In today’s case, the Kentucky plaintiffs have significant contacts with both Kentucky and Indiana. The named Kentucky plaintiffs were all Kentucky residents who drove routes and delivered packages exclusively in Kentucky. The Kentucky plaintiffs’ terminal is located in Indiana, so they loaded and unloaded packages, interacted with their supervisors, and some even signed their Operating Agreement in Indiana. These facts give both Kentucky and Indiana significant interest in the employment conditions of the plaintiffs. Based on the cases just discussed, however, there are sufficient contacts for Kentucky courts to apply Kentucky law to the named plaintiffs.

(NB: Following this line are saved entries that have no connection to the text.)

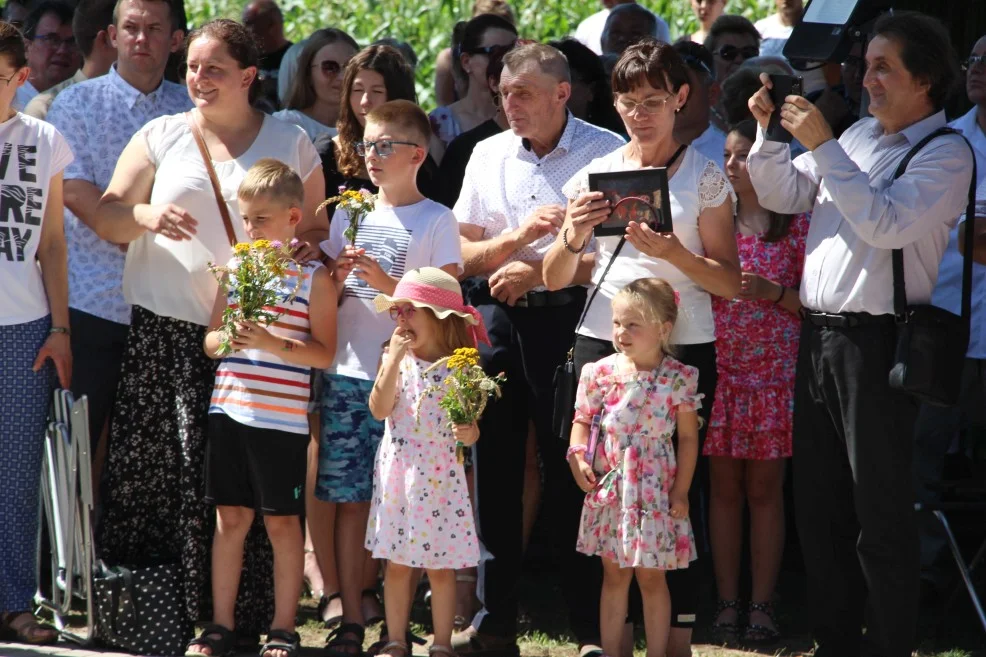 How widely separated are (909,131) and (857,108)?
2524 millimetres

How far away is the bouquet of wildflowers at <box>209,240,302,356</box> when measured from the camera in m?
4.75

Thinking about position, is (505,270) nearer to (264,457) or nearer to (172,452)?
(264,457)

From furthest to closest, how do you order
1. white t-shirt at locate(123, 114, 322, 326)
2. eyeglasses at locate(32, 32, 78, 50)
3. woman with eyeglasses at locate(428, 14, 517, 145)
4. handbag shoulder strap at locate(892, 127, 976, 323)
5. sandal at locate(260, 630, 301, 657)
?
→ eyeglasses at locate(32, 32, 78, 50), woman with eyeglasses at locate(428, 14, 517, 145), white t-shirt at locate(123, 114, 322, 326), sandal at locate(260, 630, 301, 657), handbag shoulder strap at locate(892, 127, 976, 323)

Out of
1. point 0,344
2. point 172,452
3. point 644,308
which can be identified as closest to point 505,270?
point 644,308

Further, while FedEx Ground raised this choice of law objection by way of questioning the adequacy of the named plaintiffs, FedEx Ground hasn’t stated how the substantive law of Indiana would differ from the law of Kentucky. As the court of appeals explained in Massachusetts Bay Ins. Co. v. Vic Koenig Leasing, Inc., 136 F.3d 1116, 1120 (7th Cir. 1998), “a federal court should apply the law of the forum state where the parties have not identified a conflict between two bodies of state law which might apply to their ease.” Accord Kochert v. Adagen Med. Int’l, Inc., 491 F.3d 674, 677 (7th Cir.2007) (“Where the parties have not identified a conflict in state law, we will generally apply the law of the forum state.”). Since Kentucky law will apply to both the named plaintiffs and the putative class, the court sees no problem with the adequacy of the named Kentucky plaintiffs’ representation.

The Kentucky Administrative Regulations sets out a multi-factor test to determine whether an employment relationship exists. 803 Ky. Admin. Regs. 1:005, § 4. FedEx Ground argues that many of the factors in this test are highly individualized. For example, the regulation lists four “significant” factors relevant to an individuals status, all of which, FedEx Ground contends, will require individualized proof. These factors include investment in facilities and equipment, opportunity for profit and loss, the extent to which the services in question are an integral part of the employer’s business, and the amount of initiative, judgment, or foresight in open market competition with others required for the success of the claimed independent enterprise. FedEx Ground further argues that many of the remaining factors also turn on individualized evidence, such as length of contract, whether the possible employer may discharge employees of the contractor, and the similarity of work done by contractor to work done by admitted employees.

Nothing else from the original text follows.